Sorry for the late response. I don't really have anything to add to the
discussion since I don't have the time to again familiarize myself with
the code.

The only advise I can give is to try to document as much as possible so
that it's reasonably clear what's being done and why.

Thanks,
Thomas





> 
> Thanks,
> Janusz
> 
> > 
> > Thanks,
> > Rodrigo.
> > 
> > > 
> > > Thanks,
> > > Janusz
> > > 
> > > > 
> > > > > Closes:
> > > > > https://gitlab.freedesktop.org/drm/intel/-/issues/10608
> > > > > Signed-off-by: Janusz Krzysztofik
> > > > > <janusz.krzysztofik@xxxxxxxxxxxxxxx>
> > > > > Cc: Chris Wilson <chris.p.wilson@xxxxxxxxxxxxxxx>
> > > > > Cc: Tvrtko Ursulin <tvrtko.ursulin@xxxxxxxxx>
> > > > > Cc: stable@xxxxxxxxxxxxxxx # v6.0+
> > > > > ---
> > > > >  .../gpu/drm/i915/gem/i915_gem_execbuffer.c    | 10 ++++--
> > > > >  drivers/gpu/drm/i915/i915_vma.c               | 32
> > > > > +++++++++++++++----
> > > > >  drivers/gpu/drm/i915/i915_vma.h               |  2 +-
> > > > >  drivers/gpu/drm/i915/i915_vma_types.h         |  3 ++
> > > > >  4 files changed, 37 insertions(+), 10 deletions(-)
> > > > > 
> > > > > diff --git a/drivers/gpu/drm/i915/gem/i915_gem_execbuffer.c
> > > > > b/drivers/gpu/drm/i915/gem/i915_gem_execbuffer.c
> > > > > index 42619fc05de48..97e014f94002e 100644
> > > > > --- a/drivers/gpu/drm/i915/gem/i915_gem_execbuffer.c
> > > > > +++ b/drivers/gpu/drm/i915/gem/i915_gem_execbuffer.c
> > > > > @@ -847,9 +847,12 @@ static int __eb_add_lut(struct
> > > > > i915_execbuffer *eb,
> > > > >  	if (unlikely(!lut))
> > > > >  		return -ENOMEM;
> > > > >  
> > > > > +	if (!i915_vma_open(vma)) {
> > > > > +		err = -EEXIST;	/* let eb_vma_lookup() retry
> > > > > */
> > > > > +		goto err_lut_free;
> > > > > +	}
> > > > > +
> > > > >  	i915_vma_get(vma);
> > > > > -	if (!atomic_fetch_inc(&vma->open_count))
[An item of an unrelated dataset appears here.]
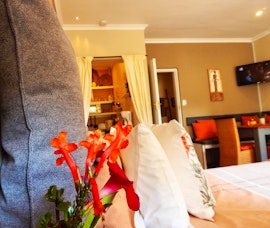 Cape Town Accommodation at  | Viya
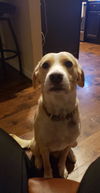 Sammy Joe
> > > > > -		i915_vma_reopen(vma);
> > > > >  	lut->handle = handle;
> > > > >  	lut->ctx = ctx;
> > > > >  
> > > > > @@ -880,8 +883,9 @@ static int __eb_add_lut(struct
> > > > > i915_execbuffer *eb,
> > > > >  	return 0;
> > > > >  
> > > > >  err:
> > > > > -	i915_vma_close(vma);
> > > > >  	i915_vma_put(vma);
> > > > > +	i915_vma_close(vma);
> > > > > +err_lut_free:
> > > > >  	i915_lut_handle_free(lut);
> > > > >  	return err;
> > > > >  }
> > > > > diff --git a/drivers/gpu/drm/i915/i915_vma.c
> > > > > b/drivers/gpu/drm/i915/i915_vma.c
> > > > > index d2f064d2525cc..4435c76f28c8c 100644
> > > > > --- a/drivers/gpu/drm/i915/i915_vma.c
> > > > > +++ b/drivers/gpu/drm/i915/i915_vma.c
> > > > > @@ -1735,14 +1735,33 @@ static void
> > > > > __i915_vma_remove_closed(struct i915_vma *vma)
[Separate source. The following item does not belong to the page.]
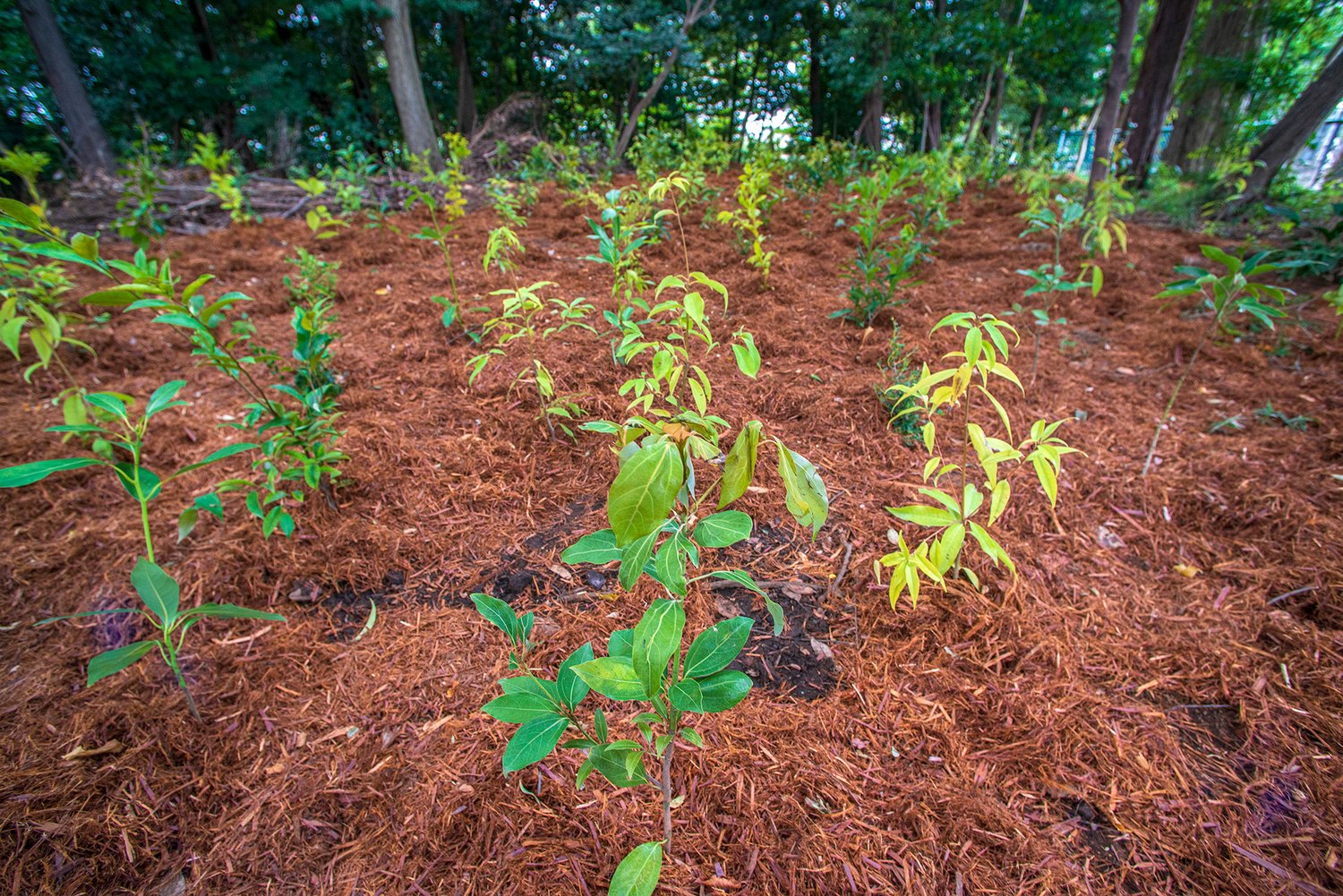 freshly planted saplings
> > > > >  	list_del_init(&vma->closed_link);
> > > > >  }
> > > > >  
> > > > > -void i915_vma_reopen(struct i915_vma *vma)
> > > > > +static struct i915_vma *i915_vma_reopen(struct i915_vma
> > > > > *vma)
> > > > > +{
> > > > > +	if (atomic_read(&vma->flags) & I915_VMA_PARKED)
> > > > > +		return NULL;
> > > > > +
> > > > > +	__i915_vma_remove_closed(vma);
> > > > > +	return vma;
> > > > > +}
> > > > > +
> > > > > +struct i915_vma *i915_vma_open(struct i915_vma *vma)
> > > > >  {
> > > > >  	struct intel_gt *gt = vma->vm->gt;
> > > > >  
> > > > > +	if (atomic_inc_not_zero(&vma->open_count))
> > > > > +		return vma;
> > > > > +
> > > > >  	spin_lock_irq(&gt->closed_lock);
> > > > > -	if (i915_vma_is_closed(vma))
> > > > > -		__i915_vma_remove_closed(vma);
> > > > > +	if (!atomic_inc_not_zero(&vma->open_count)) {
> > > > > +		if (i915_vma_is_closed(vma))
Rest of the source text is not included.